### DATASET EXCERPTS
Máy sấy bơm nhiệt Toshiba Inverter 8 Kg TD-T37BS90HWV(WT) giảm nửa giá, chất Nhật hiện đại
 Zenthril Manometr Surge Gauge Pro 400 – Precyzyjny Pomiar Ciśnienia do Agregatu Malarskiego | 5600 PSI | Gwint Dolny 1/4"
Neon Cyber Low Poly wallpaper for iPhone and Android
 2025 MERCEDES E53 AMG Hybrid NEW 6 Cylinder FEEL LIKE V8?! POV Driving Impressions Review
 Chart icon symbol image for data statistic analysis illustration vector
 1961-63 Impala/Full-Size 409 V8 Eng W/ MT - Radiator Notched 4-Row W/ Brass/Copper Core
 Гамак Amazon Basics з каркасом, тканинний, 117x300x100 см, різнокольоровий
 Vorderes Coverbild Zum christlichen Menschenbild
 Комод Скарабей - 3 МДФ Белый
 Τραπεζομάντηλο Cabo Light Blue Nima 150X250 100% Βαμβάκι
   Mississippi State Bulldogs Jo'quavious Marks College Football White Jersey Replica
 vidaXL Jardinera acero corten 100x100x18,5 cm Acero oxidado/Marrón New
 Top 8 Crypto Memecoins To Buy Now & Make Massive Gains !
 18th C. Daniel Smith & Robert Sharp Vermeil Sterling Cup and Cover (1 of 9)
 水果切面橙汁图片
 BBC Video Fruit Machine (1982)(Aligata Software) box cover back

### REQUIRED WORK
Without altering a single word, transcribe the entries above.

### REPLY TO THE TASK
Máy sấy bơm nhiệt Toshiba Inverter 8 Kg TD-T37BS90HWV(WT) giảm nửa giá, chất Nhật hiện đại
 Zenthril Manometr Surge Gauge Pro 400 – Precyzyjny Pomiar Ciśnienia do Agregatu Malarskiego | 5600 PSI | Gwint Dolny 1/4"
Neon Cyber Low Poly wallpaper for iPhone and Android
 2025 MERCEDES E53 AMG Hybrid NEW 6 Cylinder FEEL LIKE V8?! POV Driving Impressions Review
 Chart icon symbol image for data statistic analysis illustration vector
 1961-63 Impala/Full-Size 409 V8 Eng W/ MT - Radiator Notched 4-Row W/ Brass/Copper Core
 Гамак Amazon Basics з каркасом, тканинний, 117x300x100 см, різнокольоровий
 Vorderes Coverbild Zum christlichen Menschenbild
 Комод Скарабей - 3 МДФ Белый
 Τραπεζομάντηλο Cabo Light Blue Nima 150X250 100% Βαμβάκι
   Mississippi State Bulldogs Jo'quavious Marks College Football White Jersey Replica
 vidaXL Jardinera acero corten 100x100x18,5 cm Acero oxidado/Marrón New
 Top 8 Crypto Memecoins To Buy Now & Make Massive Gains !
 18th C. Daniel Smith & Robert Sharp Vermeil Sterling Cup and Cover (1 of 9)
 水果切面橙汁图片
 BBC Video Fruit Machine (1982)(Aligata Software) box cover back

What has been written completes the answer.